TASK TO COMPLETE :: Each record must be written out again exactly. Skip any picture it contains.

DATA FOR REVIEW ::
· · · · ·

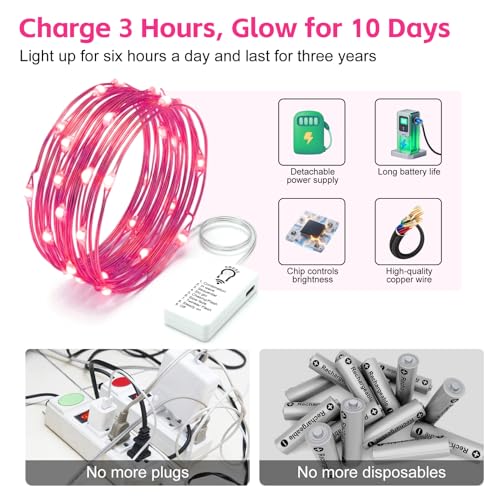 8 Pack Rechargeable LED Fairy Lights 7Ft 20LED Battery Operated - color: Pink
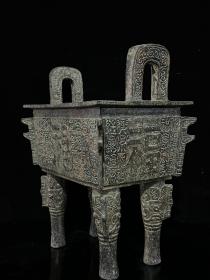 铜红斑绿锈大号百福方鼎
22*15*28cm          3.3kg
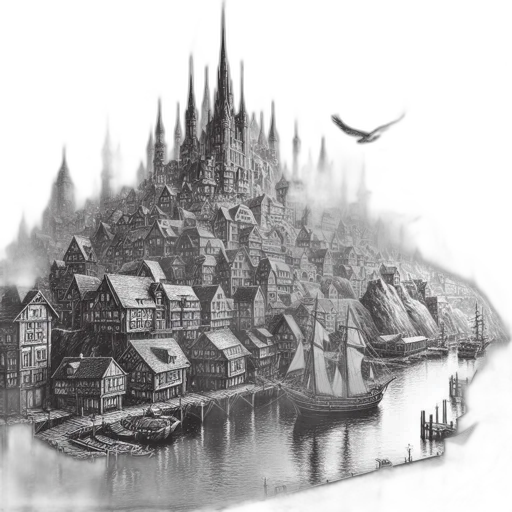 dragon, building, concept art, fantasy art transparent PNG cut-out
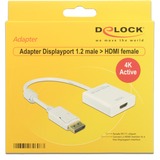 DeLOCK 62608 adaptador de cable de vídeo 0,2 m DisplayPort HDMI tipo A (Estándar) Blanco blanco, 0,2 m, DisplayPort, HDMI tipo A (Estándar), Macho, Hembra, Oro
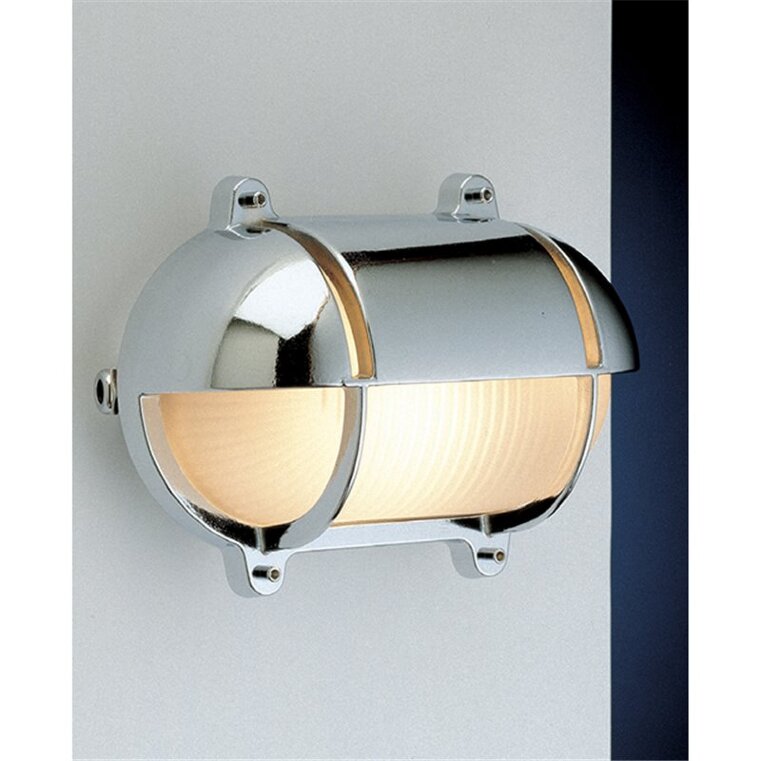 Lampada applique per esterno in ottone cromato ovale con visiera 27 cm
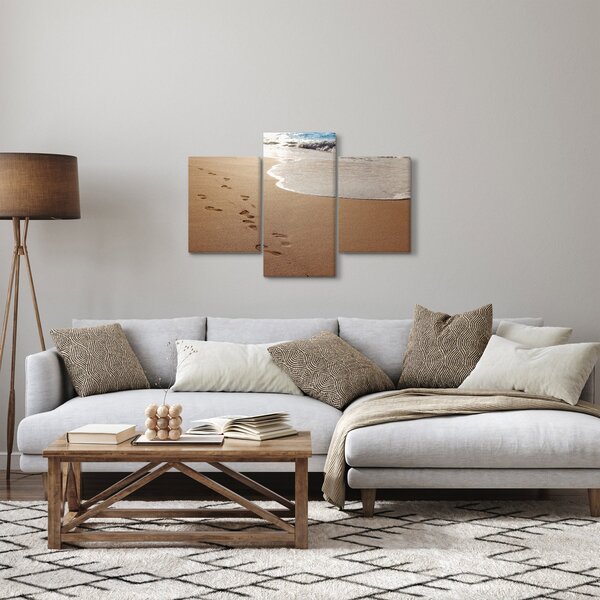 Obraz - stopy v piesku a more (90x60 cm)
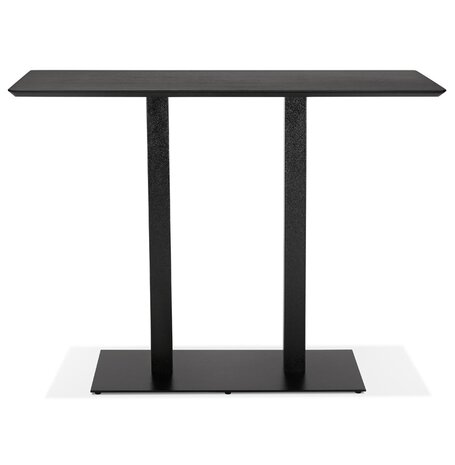 Zwarte hoge design tafel 'ZUMBA BAR' met zwarte metalen poot - 150x70 cm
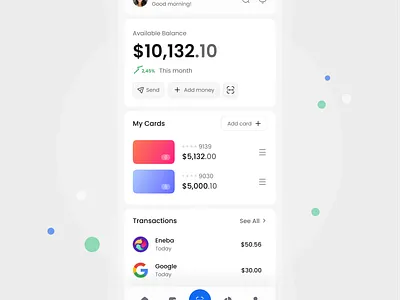 Finance Mobile Banking App app bank banking card clean design finance graphic design mobile money personal ui ux wallet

· · · · ·

EXERCISE ANSWER ::
 8 Pack Rechargeable LED Fairy Lights 7Ft 20LED Battery Operated - color: Pink
 铜红斑绿锈大号百福方鼎
22*15*28cm          3.3kg
 dragon, building, concept art, fantasy art transparent PNG cut-out
 DeLOCK 62608 adaptador de cable de vídeo 0,2 m DisplayPort HDMI tipo A (Estándar) Blanco blanco, 0,2 m, DisplayPort, HDMI tipo A (Estándar), Macho, Hembra, Oro
 Lampada applique per esterno in ottone cromato ovale con visiera 27 cm
 Obraz - stopy v piesku a more (90x60 cm)
 Zwarte hoge design tafel 'ZUMBA BAR' met zwarte metalen poot - 150x70 cm
 Finance Mobile Banking App app bank banking card clean design finance graphic design mobile money personal ui ux wallet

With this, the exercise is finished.